• **Data extract**
⁂
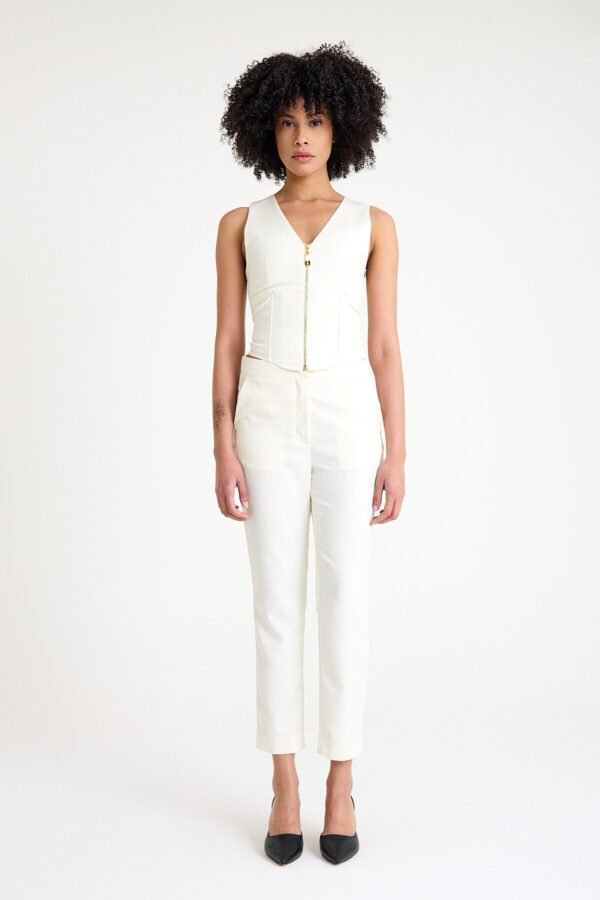 Beyaz Korseli Business Takım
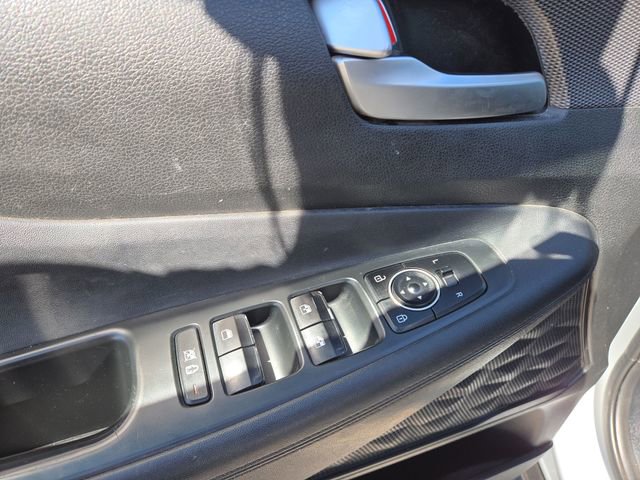 Used 2019 Hyundai Santa Fe SEL AWD/4WD image 17
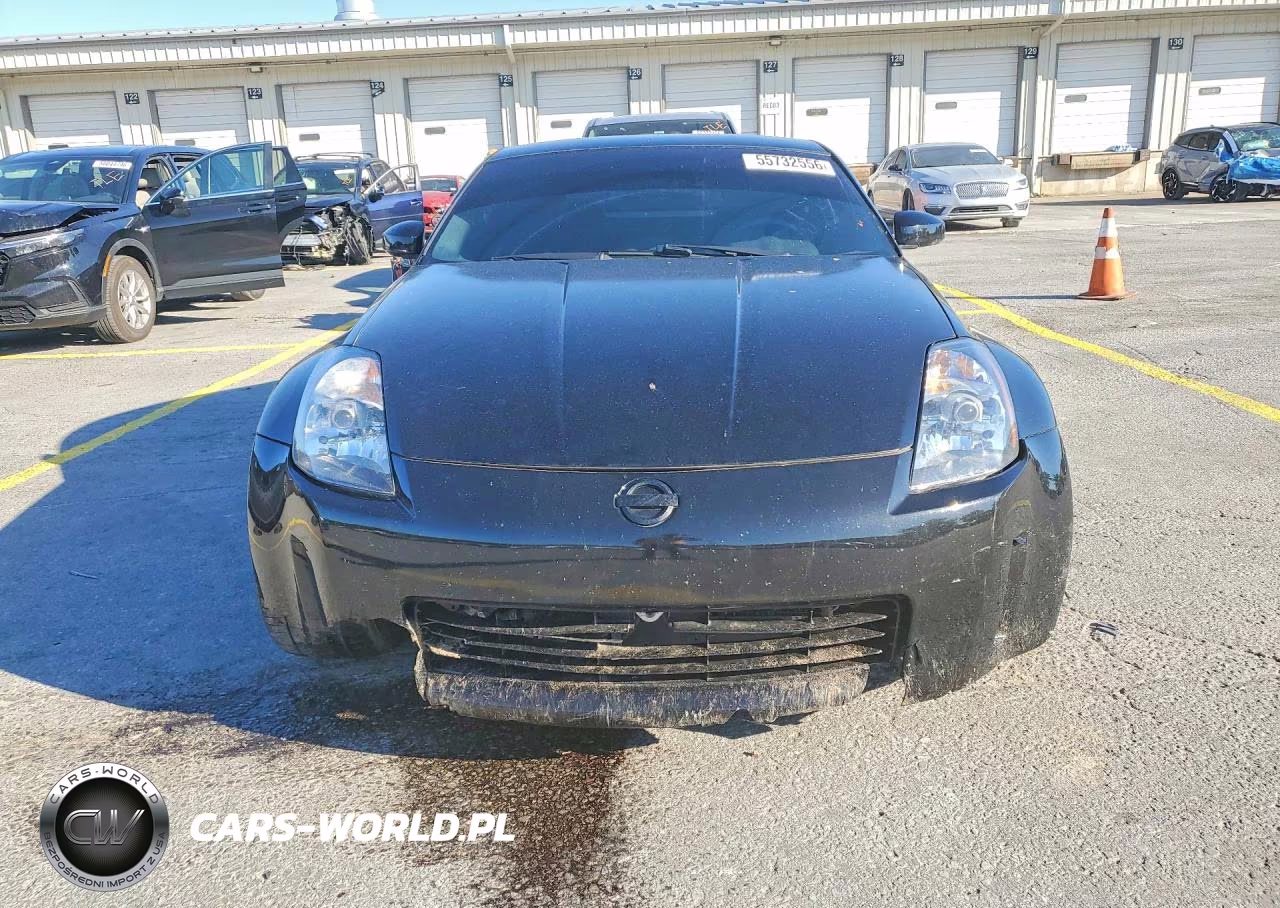 2005 Nissan 350Z Coupe VIN:JN1AZ34D25M607223 - 5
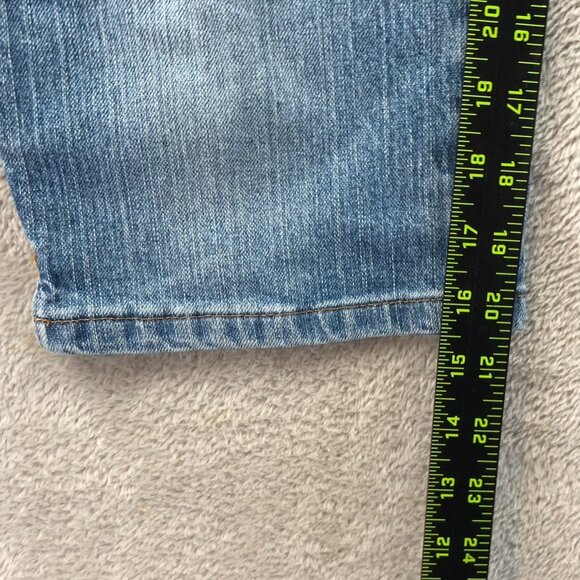 Lee Riders Womens Capri Jeans Size 8M Blue Denim Cropped Relaxed Fit Casual - Picture 5 of 14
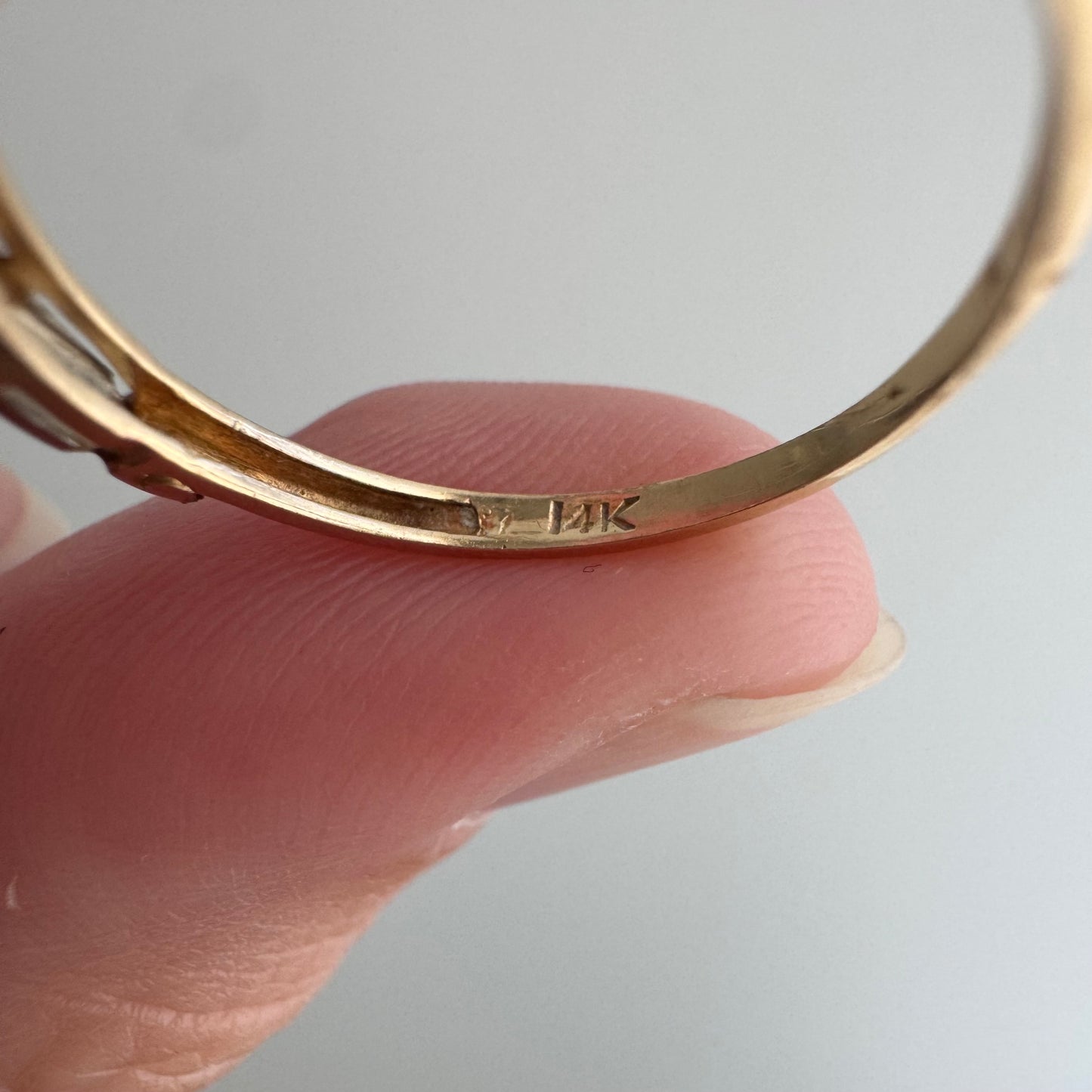 A N T I Q U E // five in a row / 14k yellow and white gold late art deco five stone boat band / size 6+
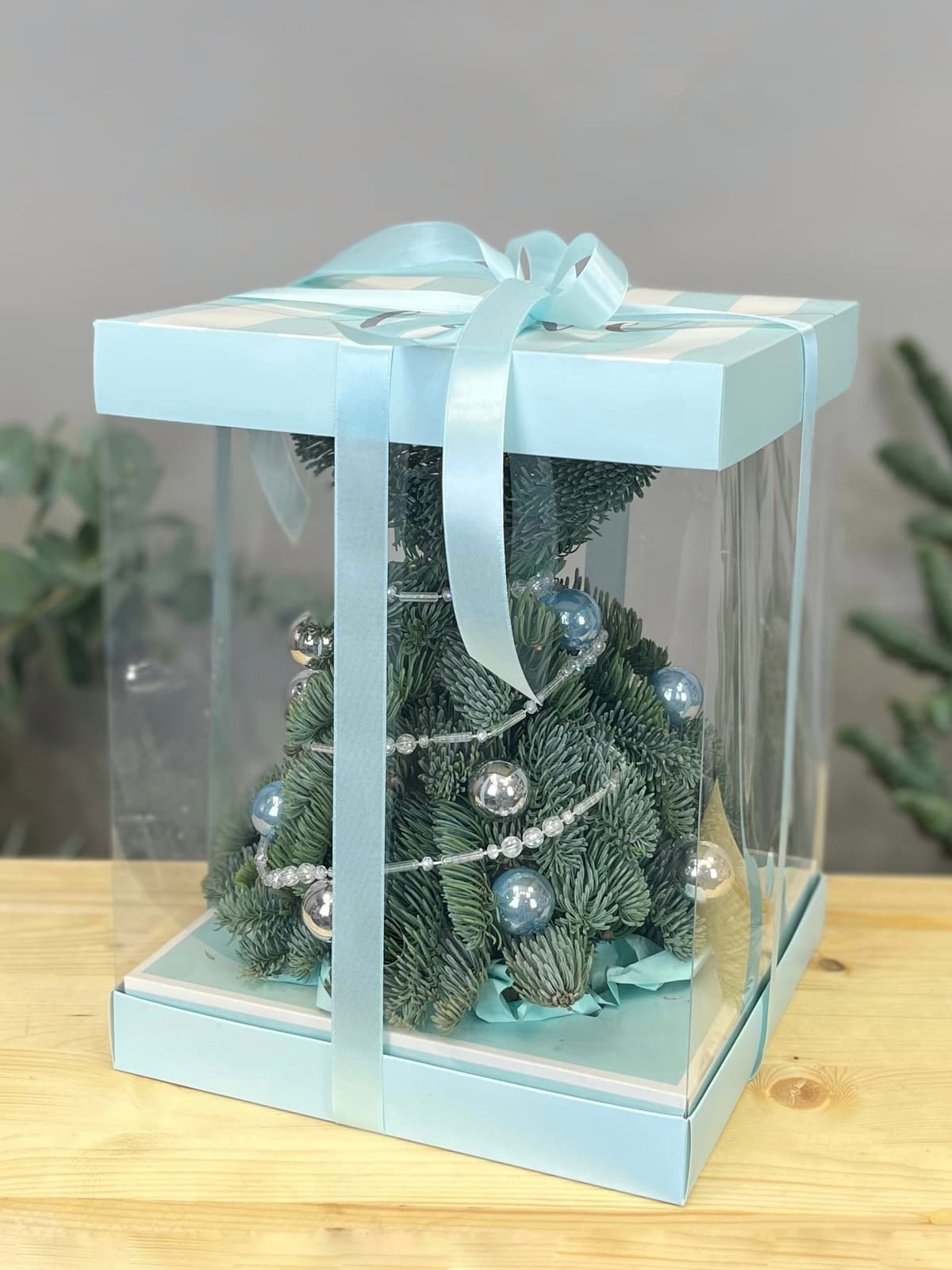Елка в подарочной упаковке "Голубая" M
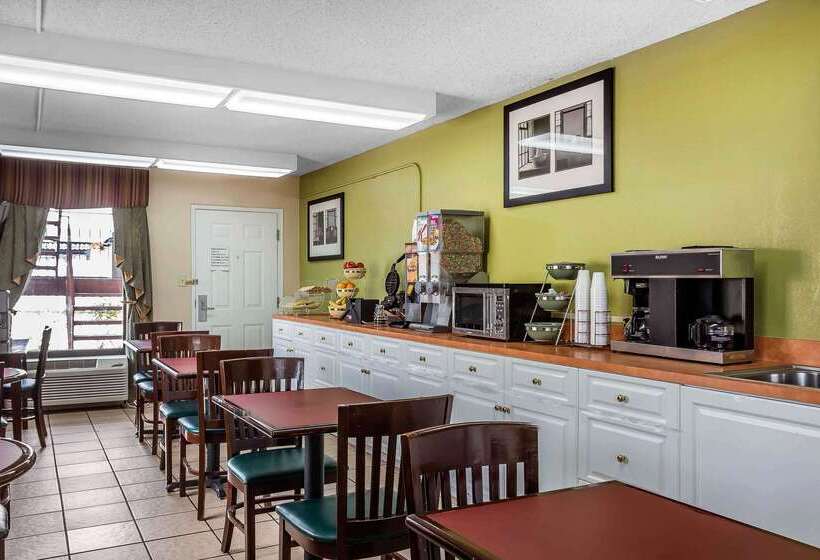 בית מלון כפרי Rodeway Inn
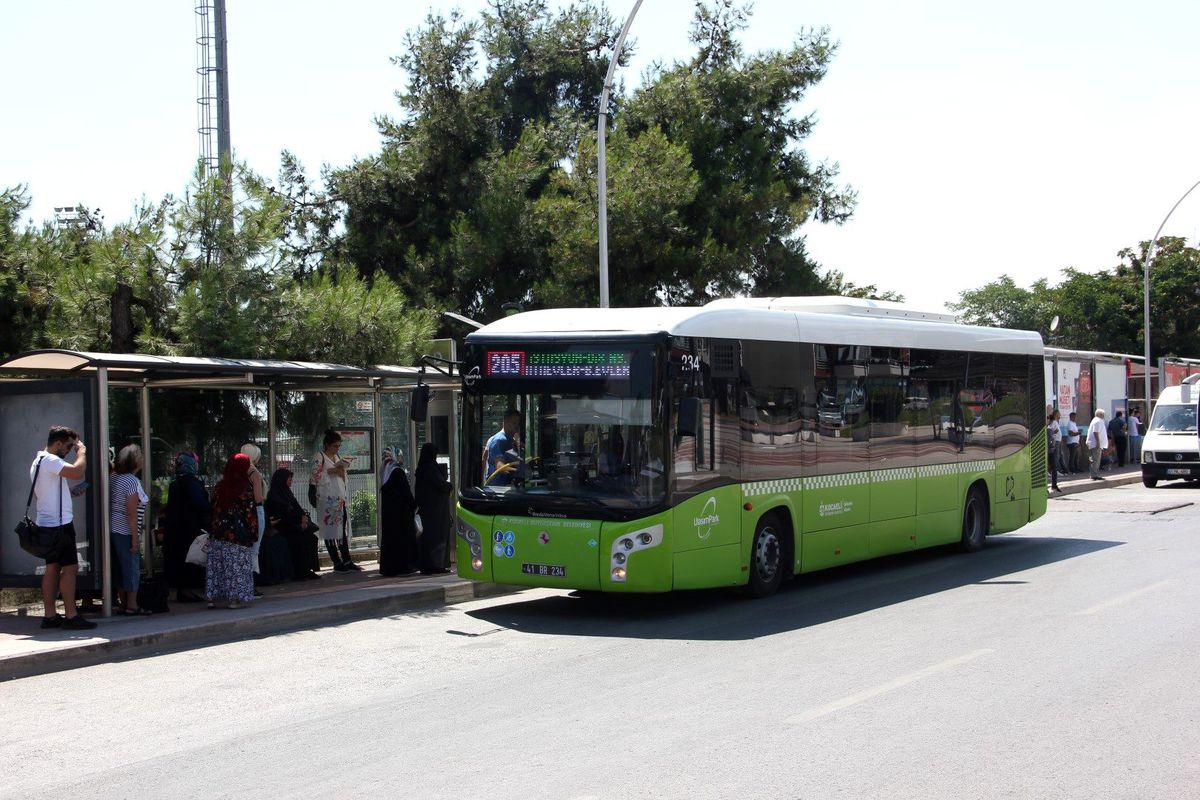 672 kez dünyayı turladılar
⁂
• **What is needed**
In your transcription of the listing above, match each line exactly and include no pictures.

• **Solved problem**
 Beyaz Korseli Business Takım
 Used 2019 Hyundai Santa Fe SEL AWD/4WD image 17
 2005 Nissan 350Z Coupe VIN:JN1AZ34D25M607223 - 5
 Lee Riders Womens Capri Jeans Size 8M Blue Denim Cropped Relaxed Fit Casual - Picture 5 of 14
 A N T I Q U E // five in a row / 14k yellow and white gold late art deco five stone boat band / size 6+
Елка в подарочной упаковке "Голубая" M
 בית מלון כפרי Rodeway Inn
 672 kez dünyayı turladılar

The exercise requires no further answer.